#### Extracted information
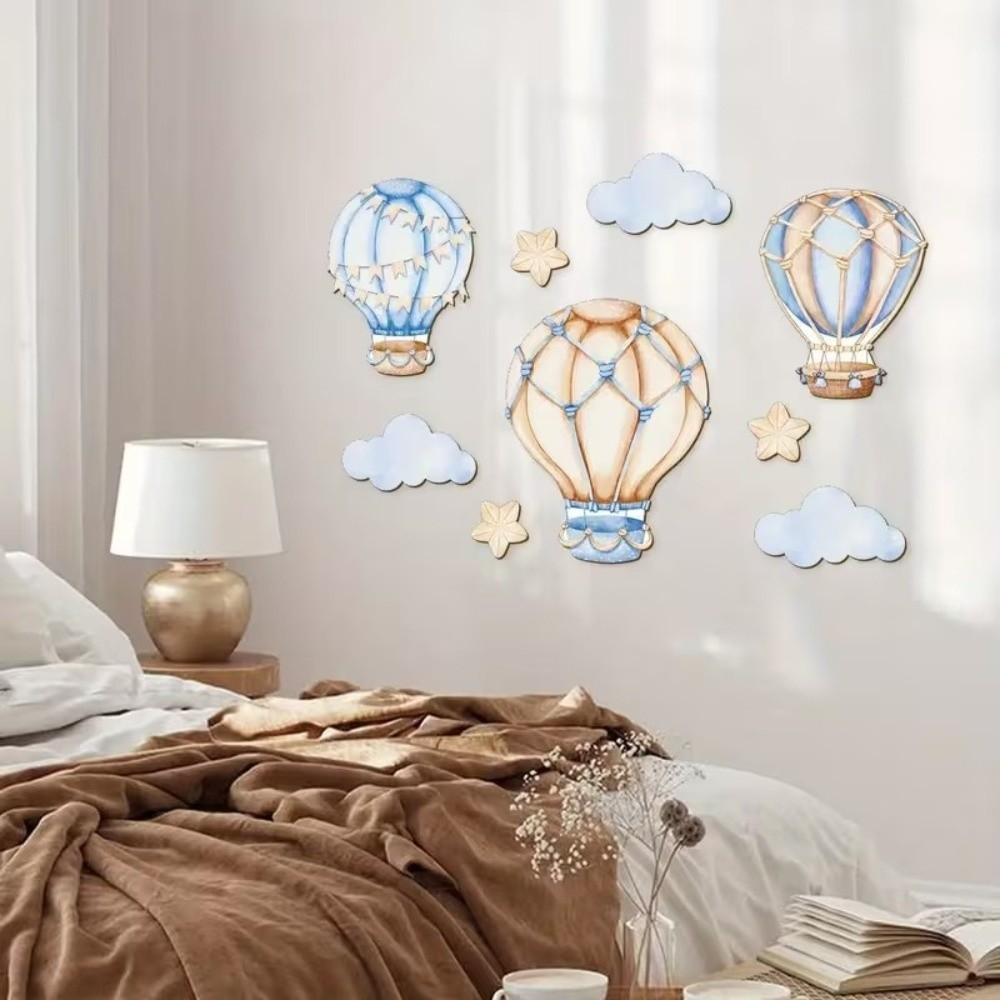9PCS/SET Watercolor Hot Air Balloon Wall Decor 2D Flat Nursery Wall Art Sticker Unisex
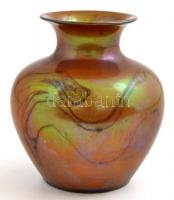 Zsolnay eozin mázas váza, jelzett, mázhibával, kopásnyomokkal, m: 12 cm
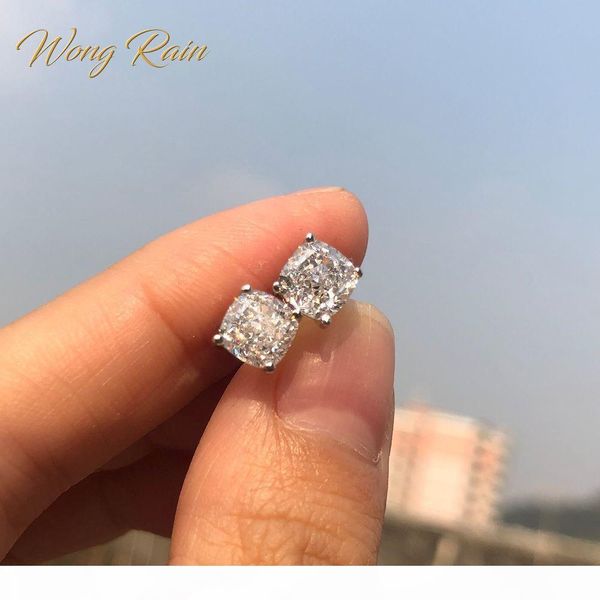

wong rain classic 100% 925 silver created moissanite gemstone wedding engagement ear studs earrings fine jewelry wholesale cx200628, Golden;silver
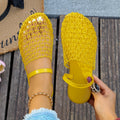 Women Slippers Comfort Retro Female Slippers Summer Hollow Sandals Women Flats Shallow New Beach Shoes Lightweight Slides Women Zpaxo YELLOW 43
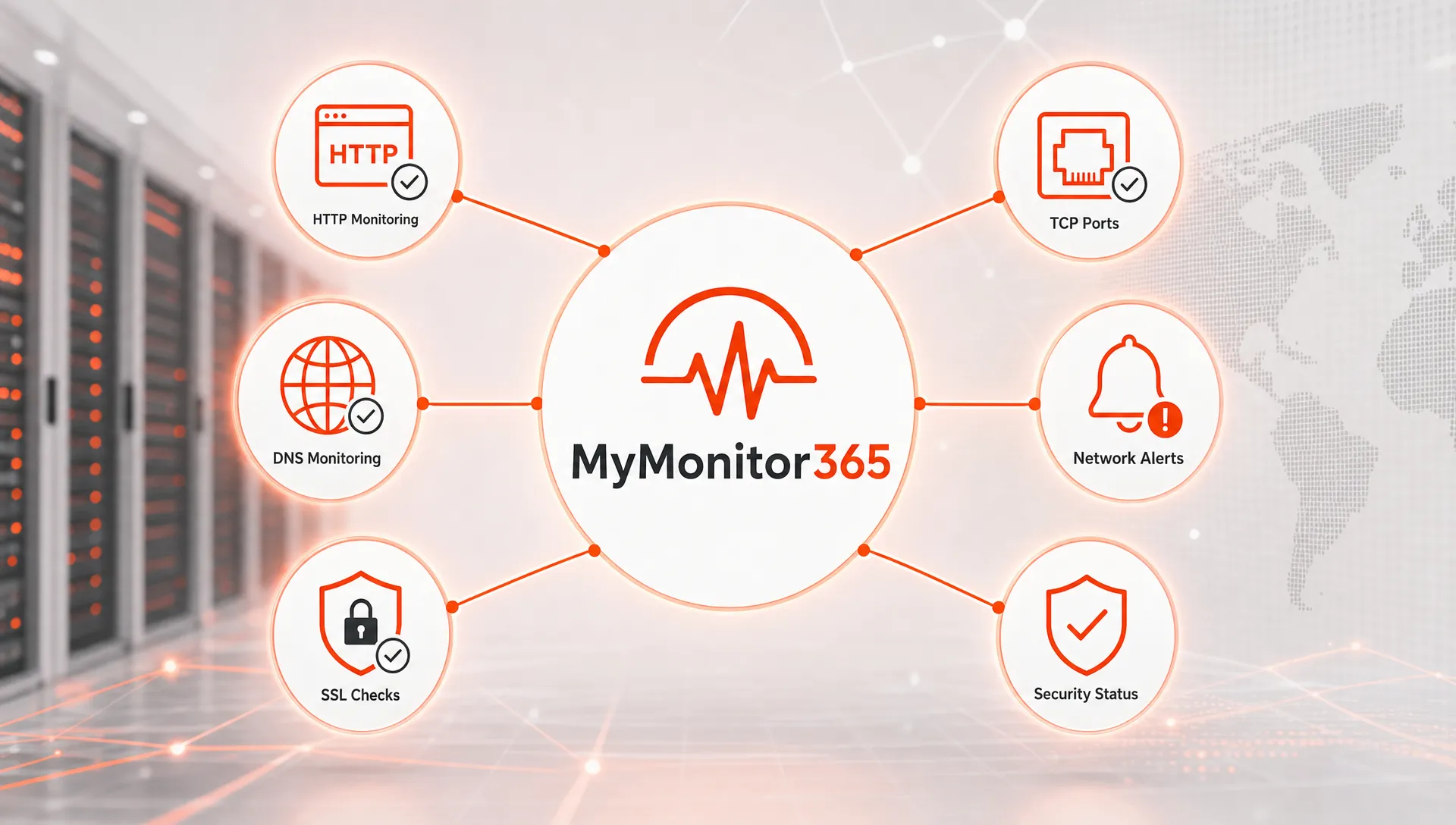 MyMonitor365 logo centered among connected icons for HTTP monitoring, DNS monitoring, SSL checks, TCP ports, network alerts, and security status signals.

#### Brief
Give the records back exactly, with no pictures.

#### Answer box
9PCS/SET Watercolor Hot Air Balloon Wall Decor 2D Flat Nursery Wall Art Sticker Unisex
 Zsolnay eozin mázas váza, jelzett, mázhibával, kopásnyomokkal, m: 12 cm

wong rain classic 100% 925 silver created moissanite gemstone wedding engagement ear studs earrings fine jewelry wholesale cx200628, Golden;silver
 Women Slippers Comfort Retro Female Slippers Summer Hollow Sandals Women Flats Shallow New Beach Shoes Lightweight Slides Women Zpaxo YELLOW 43
 MyMonitor365 logo centered among connected icons for HTTP monitoring, DNS monitoring, SSL checks, TCP ports, network alerts, and security status signals.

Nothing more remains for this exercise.